Description Rajat Chopra 2013-08-26 19:26:55 UTC
Description of problem:

A gear destroy call may fail from the broker's point of view because of several reasons (mcoll timeout/activemq stoppage/network failure etc).
In such circumstances, a repeat call for gear destroy always returns an error from the node because the node apparently has no trace of the said gear anymore (it succeeded destroying the gear the previous time).

This means that such applications always get stuck in mongo although the gear has already been destroyed cleanly.
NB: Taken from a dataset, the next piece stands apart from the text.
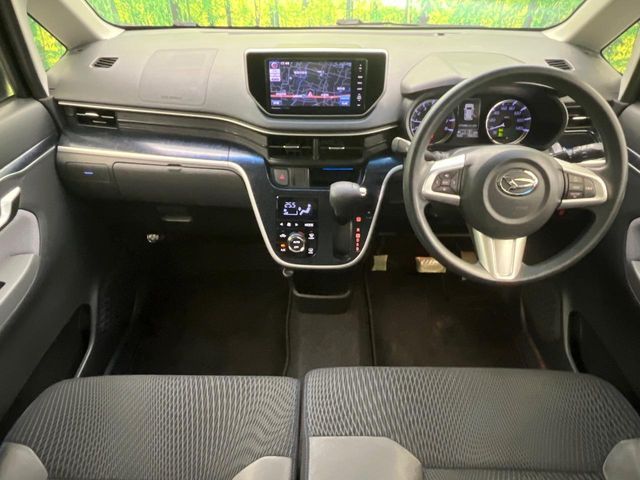 DAIHATSU MOVE CUSTOM 2015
The node should respond with a 'success' if an app-destroy call is made for a gear that does not exist.


Version-Release number of selected component (if applicable):


How reproducible:

Difficult to reproduce on demand, but can be simulated.

Steps to Reproduce:
1. Temporarily introduce a non-zero exitcode with a gear-destroy call on the broker. This is to simulate a network error that fails to receive a response from the node after the app-destroy call has been made.
2. Try to delete the app again, using oo-admin-ctl-app -c destroy or otherwise.



Actual results:
Subsequent app/gear-destroy calls fail because the gear has already been deleted from the node.

Expected results:
Node should report success on app-destroy calls for gears that do not exist.

Additional info:

Comment 1 Rajat Chopra 2013-09-09 18:17:10 UTC
Its debatable whether the 'node' should return a zero exitcode on 'not found' situations. For our case here, though, its probably ok to have an warning message with a zero exitcode.
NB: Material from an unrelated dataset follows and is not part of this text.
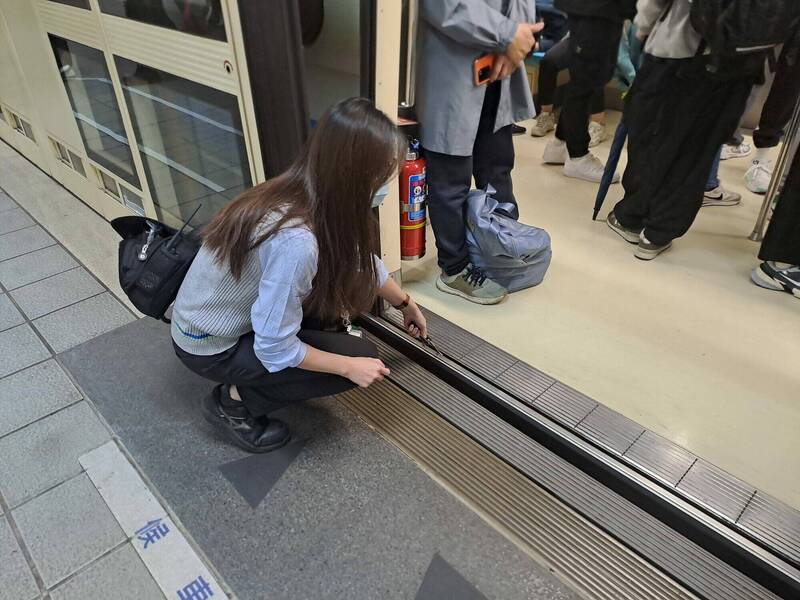 異物「卡門縫」捷運車門關不了 竟是19公分免洗筷作怪 - 生活 - 自由時報電子報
Comment 2 Dan Mace 2013-09-09 18:41:43 UTC
The node already behaves as desired; turns out there was a regression corrected by: https://github.com/openshift/origin-server/commit/1adf4900493e378f2df567762cb11bc1e9f1fd4e

Should be fixed in master. If it crops up again, be sure to attach logs.

Thanks!

Comment 3 Meng Bo 2013-09-10 07:33:26 UTC
Checked on devenv_3762,

1.Create app
2.Add "return 1" to the middle of "def oo-app-destroy" in mcollective/agent/openshift.rb
3.Restart mcollective and broker
4.Delete the app from rhc client
Will meet Node execution failure here.
5.Check the app on node
Should be deleted
6.Check the app on broker
Should be still existed
7.Remove the change in openshift.rb
8.Restart mcollective and broker
9.Try to destroy the app again via oo-admin-ctl-app
App is deleted successfully.

Move bug to verified.